Dataset excerpts
((
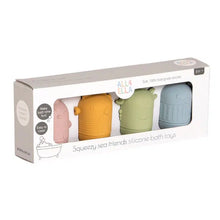 Silicone Bath Toys-All4Ella-Shop At The Hive Ashburton-Lifestyle Store & Online Gifts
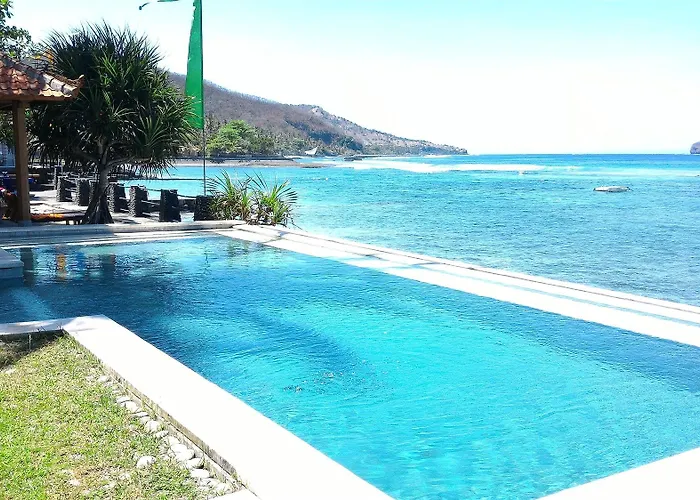 Amarta Beach Cottages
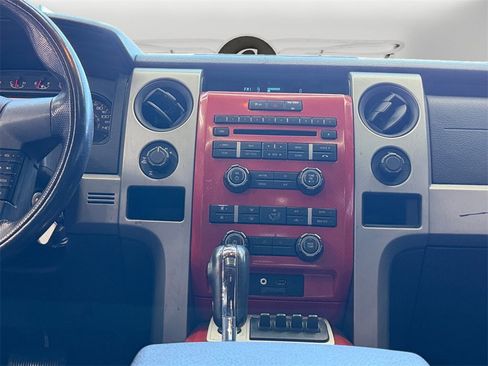 Used 2011 Ford F150 Raptor w/ Raptor Luxury Pkg image 11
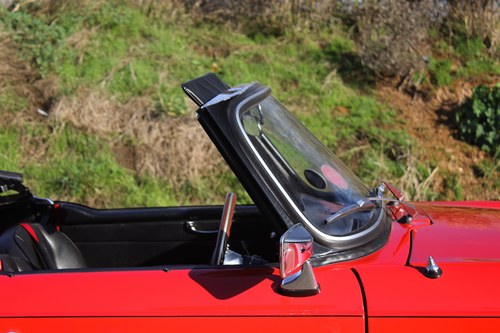 1971 Triumph TR6 till salu (bild 80 av 112)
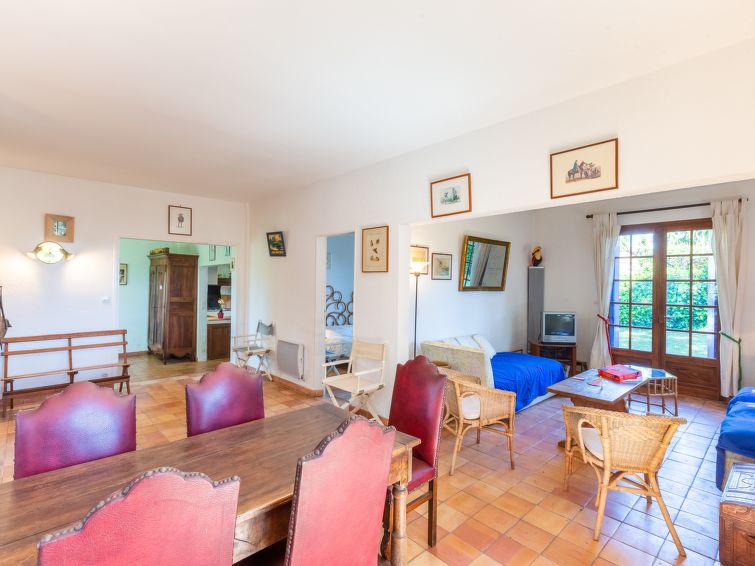 Foto van wonen van Vakantiehuis Vaux Sur Mer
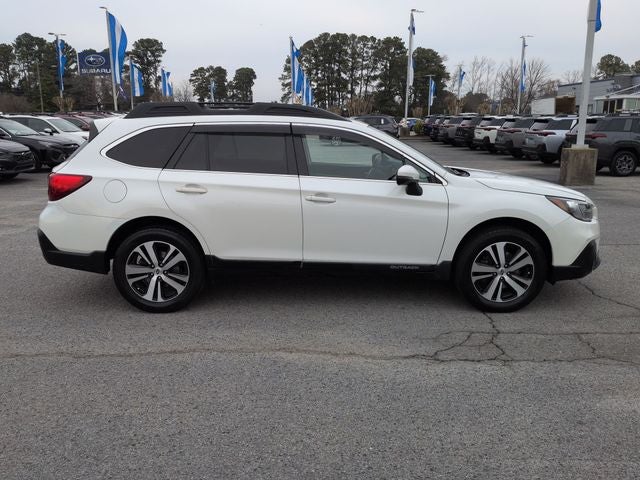 2018 Subaru Outback 2.5i Limited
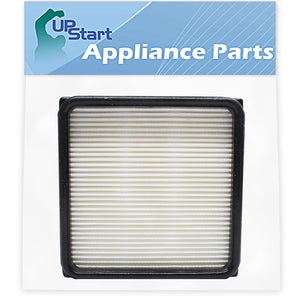 Dirt Devil Featherlite Bagless Upright UD70100 Vacuum HEPA Filter and Foam Filter Insert Replacement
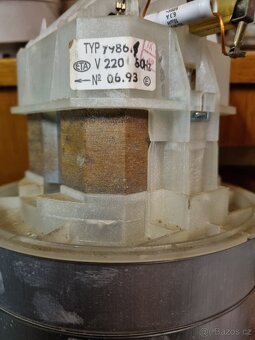 Motory ETA 'VYSAVAČE - 10
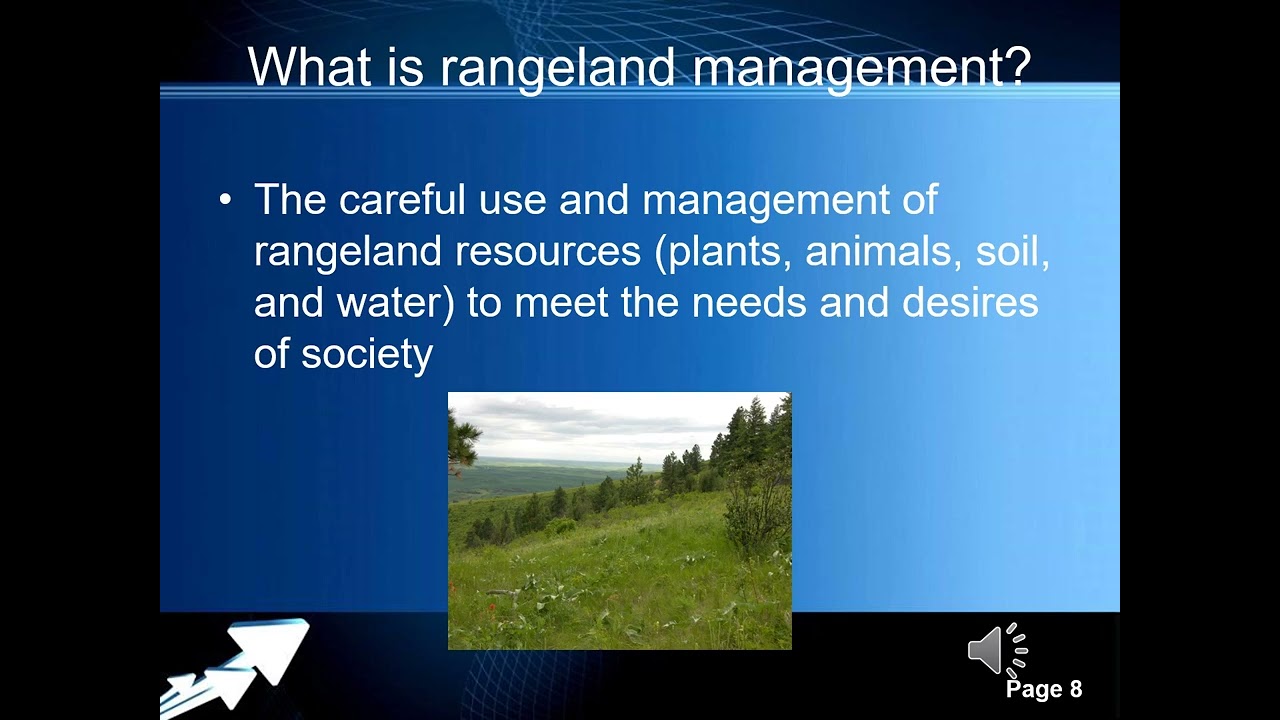 introduction to rangeland part 1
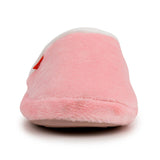 ARCHLINE Orthotic Slippers Slip On Arch Scuffs Pain Relief Moccasins - Pink - EU 42 V563-AS702-42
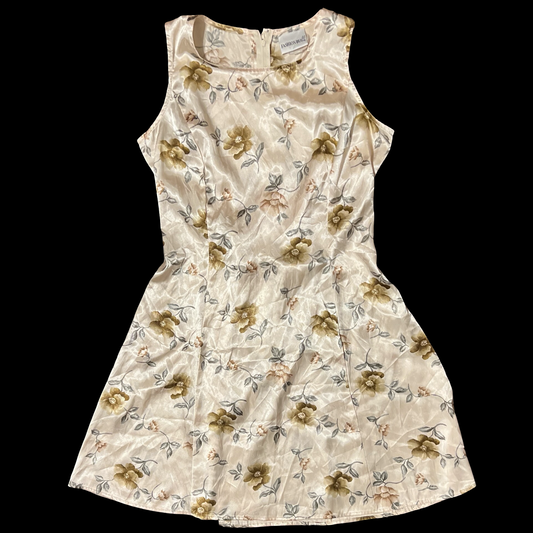 (S) fashion bug mini dress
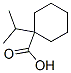 异丙基环己基甲酸结构式_62067-45-2结构式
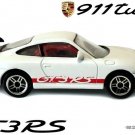 ������������HTF KEYCHAIN WHITE PORSCHE 911 TURBO GT3 RS 996 CUSTOM Ltd Ed������NICE GIFT������������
))
Exercise brief
Reproduce every entry above exactly, and omit the pictures.

Exercise answer
 Silicone Bath Toys-All4Ella-Shop At The Hive Ashburton-Lifestyle Store & Online Gifts
 Amarta Beach Cottages
 Used 2011 Ford F150 Raptor w/ Raptor Luxury Pkg image 11
 1971 Triumph TR6 till salu (bild 80 av 112)
 Foto van wonen van Vakantiehuis Vaux Sur Mer
 2018 Subaru Outback 2.5i Limited
 Dirt Devil Featherlite Bagless Upright UD70100 Vacuum HEPA Filter and Foam Filter Insert Replacement
 Motory ETA 'VYSAVAČE - 10
 introduction to rangeland part 1
 ARCHLINE Orthotic Slippers Slip On Arch Scuffs Pain Relief Moccasins - Pink - EU 42 V563-AS702-42
 (S) fashion bug mini dress
 异丙基环己基甲酸结构式_62067-45-2结构式
 ������������HTF KEYCHAIN WHITE PORSCHE 911 TURBO GT3 RS 996 CUSTOM Ltd Ed������NICE GIFT������������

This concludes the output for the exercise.